The whole pyramid structure is called a mipmap. Different levels of
mipmaps are used based on the level of detail (LOD) of a triangle
being rendered. For example, if the triangle is very near to the
viewpoint, lower levels (higher resolutions) of the mipmaps are
used; whereas, if the triangle is farther away from the viewpoint
(hence it appears small on the screen), higher levels of the
mipmaps are used.
[0011] However, these applications have complexity, memory
bandwidth, and compression trade-offs in 3D rendering of video
clips.
SUMMARY OF THE INVENTION
[0012] The present invention provides video coding adapted to
graphics rendering with decoding or frame mipmapping adapted to the
level of detail requested by the rendering.
BRIEF DESCRIPTION OF THE DRAWINGS
[0013] FIGS. 1a-1c illustrate a preferred embodiment codec and
system.
[0014] FIGS. 2a-2g are functional block diagrams for video coding
and computer garphics.
[0015] FIGS. 3a-3b show applications.
[0016] FIGS. 4a-4b illustrate a second preferred embodiment.
[0017] FIGS. 5a-5b illustrate a third preferred embodiment.
[0018] FIG. 6 shows three video clips in a 3D environment.
[0019] FIG. 7 is a heuristic mipmap organization.
[0020] FIGS. 8a-8b show video frame size dependence.
[0021] FIG. 9 shows clipping.
DESCRIPTION OF THE PREFERRED EMBODIMENTS
1. Overview
[0022] Preferred embodiment codecs and methods provide compressed
video coding adapting to computer graphics processing requirements
by the use of scalable INTRA frame coding and mipmap generation
adaptive to the level of detail required.
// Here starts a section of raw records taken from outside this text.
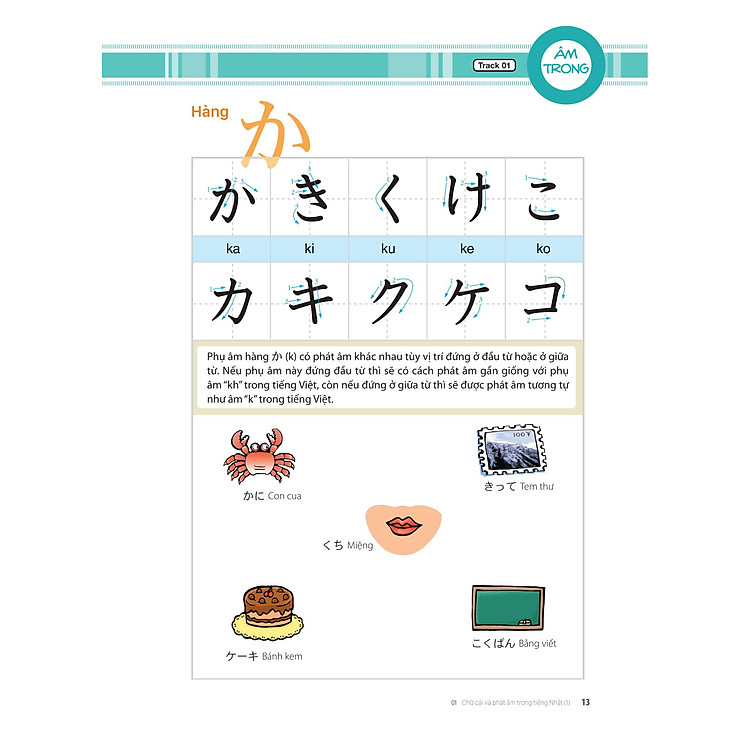 Tiếng Nhật Thật Đơn Giản Dành Cho Người Mới Bắt Đầu - Ảnh 2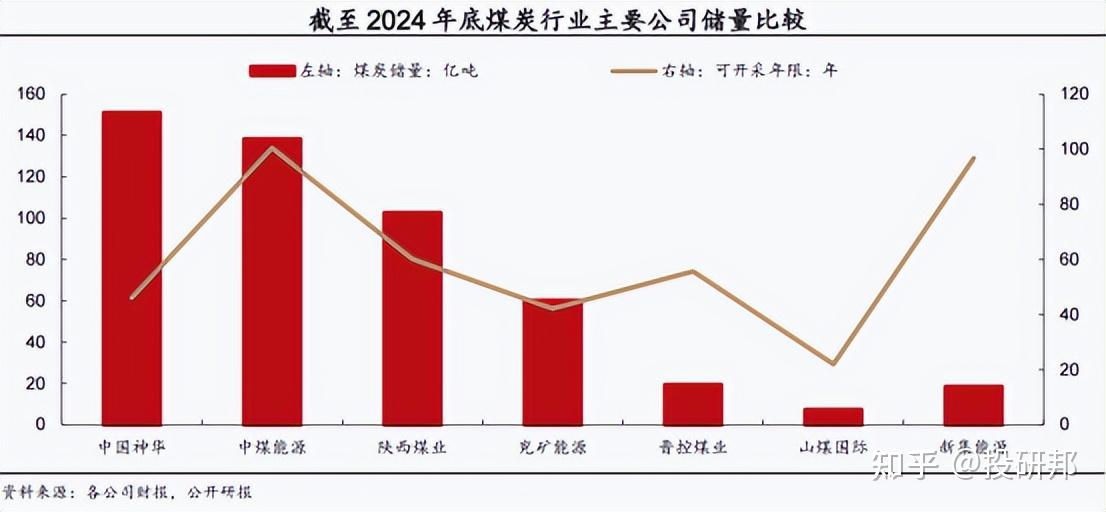 兖矿能源2025年净利润83.8亿元 商品煤产量1.82亿吨创历史新高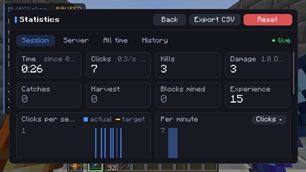 Statistics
FIG. 1c illustrates an
overall system with frames from up to three video streams rendered
and using preferred embodiment codecs. FIGS. 1a-1b show a codec
with scalable encoding together with decoding and frame mipmapping
adapting to the level of detail requested by the rasterizer.
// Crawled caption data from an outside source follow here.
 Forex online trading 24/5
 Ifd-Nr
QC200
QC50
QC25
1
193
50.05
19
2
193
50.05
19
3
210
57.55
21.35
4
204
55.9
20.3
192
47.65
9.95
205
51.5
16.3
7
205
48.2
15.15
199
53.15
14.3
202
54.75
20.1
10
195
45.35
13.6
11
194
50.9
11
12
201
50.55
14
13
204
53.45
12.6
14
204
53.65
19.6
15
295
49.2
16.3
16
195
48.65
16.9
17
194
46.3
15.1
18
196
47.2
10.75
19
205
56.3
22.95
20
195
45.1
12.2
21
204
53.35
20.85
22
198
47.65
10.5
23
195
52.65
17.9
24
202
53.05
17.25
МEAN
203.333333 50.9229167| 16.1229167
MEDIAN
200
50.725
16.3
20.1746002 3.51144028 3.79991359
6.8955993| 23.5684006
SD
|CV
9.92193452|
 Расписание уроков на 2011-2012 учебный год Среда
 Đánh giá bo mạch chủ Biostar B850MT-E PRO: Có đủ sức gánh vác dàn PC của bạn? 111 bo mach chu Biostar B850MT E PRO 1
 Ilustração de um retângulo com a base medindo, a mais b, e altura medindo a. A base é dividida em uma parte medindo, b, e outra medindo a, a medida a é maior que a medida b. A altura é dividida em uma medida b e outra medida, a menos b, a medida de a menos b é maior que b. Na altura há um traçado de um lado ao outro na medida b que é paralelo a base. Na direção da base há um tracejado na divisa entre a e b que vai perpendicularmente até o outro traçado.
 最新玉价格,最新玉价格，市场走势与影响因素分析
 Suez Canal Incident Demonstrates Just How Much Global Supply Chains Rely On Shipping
Clipping and culling information can be used to further limit
decoding to only frames (or portions thereof) required in the
rendering.
[0023] Preferred embodiment systems such as cellphones, PDAs,
notebook computers, etc., perform preferred embodiment methods with
any of several types of hardware: digital signal processors (DSPs),
general purpose programmable processors, application specific
circuits, or systems on a chip (SoC) such as combinations of a DSP
and a RISC processor together with various specialized graphics
accelerators (e.g., FIG. 3a). A stored program in an onboard or
external (flash EEP)ROM or FRAM could implement the signal
processing. Analog-to-digital converters and digital-to-analog
converters can provide coupling to the real world, modulators and
demodulators (plus antennas for air interfaces) can provide
coupling for transmission waveforms, and packetizers can provide
formats for transmission over networks such as the Internet as
illustrated in FIG. 3b.
2. Preferred Embodiment Approach
[0024] The preferred embodiment methods of compressed video clip
rendering in a 3D environment focus on lowering four complexity
aspects: (a) mipmap creation, (b) level of detail (LOD), (c) video
clipping, and (d) video culling. First consider these aspects:
[0025] (a) Mipmap Creation Complexity
[0026] Complexity in the creation of texture mipmaps is not
typically considered in traditional 3D graphics engines. The
mipmaps for a computer game are typically created either at the
beginning of the game or are created off-line and loaded into the
texture memory during game run time. Such an off-line approach is
well suited for traditional textures. A texture image is typically
used in several frames in a video game; e.g., textures of walls in
a room get used as long as the user is in the room. Therefore there
is a significant savings in complexity because of creation of the
mipmaps a priori instead of creation while rendering a frame.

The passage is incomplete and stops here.